Before I lost my son, I tended to pray to God in big chunks. Rather than always being in an attitude of prayer, I restricted the bulk of my praying to those times in which I was more spiritually minded, lest I pray in vain. Now I not only talk to God all the time, but I talk to him about everything. When I feel rotten and sinful, I cry out to God in repentance. When I feel happy, I praise God in gratitude. When I slip into sinful thoughts, I talk to God about it. Even though embarrassed, I go to him anyway. Nothing I say will surprise him. Already, he knows everything. He also knows all about the details of my life.

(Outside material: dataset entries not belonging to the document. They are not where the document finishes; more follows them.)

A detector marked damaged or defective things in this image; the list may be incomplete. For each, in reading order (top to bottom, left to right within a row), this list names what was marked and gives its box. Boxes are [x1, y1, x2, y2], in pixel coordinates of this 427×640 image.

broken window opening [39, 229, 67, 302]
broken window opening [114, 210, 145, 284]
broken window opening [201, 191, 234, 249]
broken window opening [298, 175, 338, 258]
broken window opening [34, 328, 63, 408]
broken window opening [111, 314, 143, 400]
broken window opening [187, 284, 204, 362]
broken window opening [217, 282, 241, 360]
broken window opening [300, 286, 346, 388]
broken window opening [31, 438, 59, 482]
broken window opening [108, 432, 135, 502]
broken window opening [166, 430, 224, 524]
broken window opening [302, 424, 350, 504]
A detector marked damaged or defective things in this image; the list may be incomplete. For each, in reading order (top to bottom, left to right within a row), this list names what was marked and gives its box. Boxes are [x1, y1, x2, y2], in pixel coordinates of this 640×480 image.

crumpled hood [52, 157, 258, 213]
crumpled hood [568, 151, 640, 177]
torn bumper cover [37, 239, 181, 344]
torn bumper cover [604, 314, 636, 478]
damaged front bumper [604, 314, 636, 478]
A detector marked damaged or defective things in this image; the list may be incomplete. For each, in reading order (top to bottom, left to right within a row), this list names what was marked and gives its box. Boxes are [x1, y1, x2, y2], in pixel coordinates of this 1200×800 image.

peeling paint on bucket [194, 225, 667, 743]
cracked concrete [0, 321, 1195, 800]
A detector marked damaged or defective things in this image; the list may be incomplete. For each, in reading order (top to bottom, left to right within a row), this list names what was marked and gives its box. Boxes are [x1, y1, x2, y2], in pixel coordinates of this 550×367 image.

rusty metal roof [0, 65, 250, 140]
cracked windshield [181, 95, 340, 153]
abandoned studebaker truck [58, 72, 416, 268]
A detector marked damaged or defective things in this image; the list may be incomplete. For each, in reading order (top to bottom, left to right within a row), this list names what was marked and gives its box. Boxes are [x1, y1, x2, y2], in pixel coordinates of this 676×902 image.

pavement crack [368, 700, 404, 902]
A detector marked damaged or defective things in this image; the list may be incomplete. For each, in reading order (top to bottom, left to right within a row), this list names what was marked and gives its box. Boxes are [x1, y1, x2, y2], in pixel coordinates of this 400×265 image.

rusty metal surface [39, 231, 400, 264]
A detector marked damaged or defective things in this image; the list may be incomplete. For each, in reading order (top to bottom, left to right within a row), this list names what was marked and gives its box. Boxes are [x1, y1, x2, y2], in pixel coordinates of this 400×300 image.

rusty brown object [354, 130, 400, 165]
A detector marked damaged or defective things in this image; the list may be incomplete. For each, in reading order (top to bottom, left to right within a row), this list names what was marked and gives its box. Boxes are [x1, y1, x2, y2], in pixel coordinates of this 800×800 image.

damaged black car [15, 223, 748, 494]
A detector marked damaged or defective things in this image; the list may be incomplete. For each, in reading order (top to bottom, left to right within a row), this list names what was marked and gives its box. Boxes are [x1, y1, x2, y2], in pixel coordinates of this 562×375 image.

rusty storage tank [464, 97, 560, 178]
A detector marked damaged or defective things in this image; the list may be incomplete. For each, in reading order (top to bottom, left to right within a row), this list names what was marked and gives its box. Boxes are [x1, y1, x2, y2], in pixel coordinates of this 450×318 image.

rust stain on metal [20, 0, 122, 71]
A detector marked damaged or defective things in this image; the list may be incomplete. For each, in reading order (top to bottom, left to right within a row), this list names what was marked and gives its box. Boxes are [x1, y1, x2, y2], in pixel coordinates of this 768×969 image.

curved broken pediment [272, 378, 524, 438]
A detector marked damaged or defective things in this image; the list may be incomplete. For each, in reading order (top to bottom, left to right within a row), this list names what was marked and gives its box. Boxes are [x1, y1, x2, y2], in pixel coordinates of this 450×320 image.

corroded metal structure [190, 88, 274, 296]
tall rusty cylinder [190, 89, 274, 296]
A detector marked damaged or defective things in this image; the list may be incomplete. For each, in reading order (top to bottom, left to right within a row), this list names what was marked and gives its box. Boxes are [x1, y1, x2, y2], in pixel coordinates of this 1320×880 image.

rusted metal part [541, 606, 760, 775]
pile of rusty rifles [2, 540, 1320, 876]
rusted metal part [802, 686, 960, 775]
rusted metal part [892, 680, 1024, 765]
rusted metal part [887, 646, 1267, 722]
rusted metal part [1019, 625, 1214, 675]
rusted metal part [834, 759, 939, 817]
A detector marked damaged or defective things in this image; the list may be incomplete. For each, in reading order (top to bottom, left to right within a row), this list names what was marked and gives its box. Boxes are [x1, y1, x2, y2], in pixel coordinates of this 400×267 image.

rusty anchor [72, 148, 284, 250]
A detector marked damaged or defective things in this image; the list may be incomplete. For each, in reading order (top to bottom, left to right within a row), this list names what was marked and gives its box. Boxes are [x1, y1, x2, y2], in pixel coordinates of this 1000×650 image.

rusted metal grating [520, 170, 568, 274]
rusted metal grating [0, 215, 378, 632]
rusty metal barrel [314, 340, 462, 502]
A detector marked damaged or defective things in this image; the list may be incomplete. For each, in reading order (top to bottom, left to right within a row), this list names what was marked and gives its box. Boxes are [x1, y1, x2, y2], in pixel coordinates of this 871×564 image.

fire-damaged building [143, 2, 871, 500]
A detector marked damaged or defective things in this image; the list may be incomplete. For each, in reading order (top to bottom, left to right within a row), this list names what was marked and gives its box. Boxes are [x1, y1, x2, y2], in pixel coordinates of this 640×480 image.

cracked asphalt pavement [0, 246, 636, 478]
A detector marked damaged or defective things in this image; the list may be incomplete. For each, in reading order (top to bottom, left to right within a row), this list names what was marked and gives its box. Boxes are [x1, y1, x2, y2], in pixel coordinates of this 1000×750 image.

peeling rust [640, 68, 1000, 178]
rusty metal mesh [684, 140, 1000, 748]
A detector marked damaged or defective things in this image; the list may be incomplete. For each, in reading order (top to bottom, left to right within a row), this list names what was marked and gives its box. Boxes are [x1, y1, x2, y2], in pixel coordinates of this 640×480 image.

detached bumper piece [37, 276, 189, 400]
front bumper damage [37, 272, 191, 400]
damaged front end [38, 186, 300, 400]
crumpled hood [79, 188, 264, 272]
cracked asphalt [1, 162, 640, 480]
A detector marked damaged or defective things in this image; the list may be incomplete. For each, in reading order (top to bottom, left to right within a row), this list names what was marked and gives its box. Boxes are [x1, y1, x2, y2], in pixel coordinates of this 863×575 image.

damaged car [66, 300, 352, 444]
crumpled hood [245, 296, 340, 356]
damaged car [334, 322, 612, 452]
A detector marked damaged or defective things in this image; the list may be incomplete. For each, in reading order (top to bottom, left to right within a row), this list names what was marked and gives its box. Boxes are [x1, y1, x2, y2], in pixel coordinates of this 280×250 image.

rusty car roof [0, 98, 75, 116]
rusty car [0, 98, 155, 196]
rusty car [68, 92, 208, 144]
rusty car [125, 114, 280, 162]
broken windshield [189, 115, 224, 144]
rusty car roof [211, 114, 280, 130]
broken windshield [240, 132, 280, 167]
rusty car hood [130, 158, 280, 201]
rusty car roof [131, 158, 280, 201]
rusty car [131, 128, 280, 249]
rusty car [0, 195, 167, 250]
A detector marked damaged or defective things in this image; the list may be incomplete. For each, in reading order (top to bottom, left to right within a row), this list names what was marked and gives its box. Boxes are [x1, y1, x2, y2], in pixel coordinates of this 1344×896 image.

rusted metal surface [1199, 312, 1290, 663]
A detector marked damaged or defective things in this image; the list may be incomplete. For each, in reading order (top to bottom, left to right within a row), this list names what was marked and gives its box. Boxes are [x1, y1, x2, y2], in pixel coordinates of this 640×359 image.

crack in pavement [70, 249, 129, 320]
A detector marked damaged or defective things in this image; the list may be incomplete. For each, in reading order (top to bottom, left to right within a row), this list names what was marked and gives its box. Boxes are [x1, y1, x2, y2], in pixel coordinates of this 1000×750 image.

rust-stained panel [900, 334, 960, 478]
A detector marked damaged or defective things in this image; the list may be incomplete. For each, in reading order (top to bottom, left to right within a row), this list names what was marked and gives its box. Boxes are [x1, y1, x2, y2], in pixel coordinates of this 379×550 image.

I go to him with computer problems, people problems, and farm problems -- all problems. This experience of constant communion, continuous dealings with the good shepherd, has done wonders to build my faith and trust.
There is nothing special or mystical about me. I have not seen God, and I have never audibly heard his voice. Sometimes I do delight in the felt experience of his presence. Other times, I delight in a presence that is apprehended by faith alone. In all this, I can honestly say that I am happier now than I have ever been.
Doesn't God promise as much? Doesn't he say that he will be a father to the fatherless and a husband to the widow? Is this promise to be restricted to heaven? In heaven, where we will enjoy the all-consuming presence of Jesus, will those who live there require spouses and children for their comfort? No, surely the promise includes this life. This promise is meant for you and me, here and now: that no matter what kind of loss we may have suffered, the delight of the fellowship of his presence is more than adequate consolation.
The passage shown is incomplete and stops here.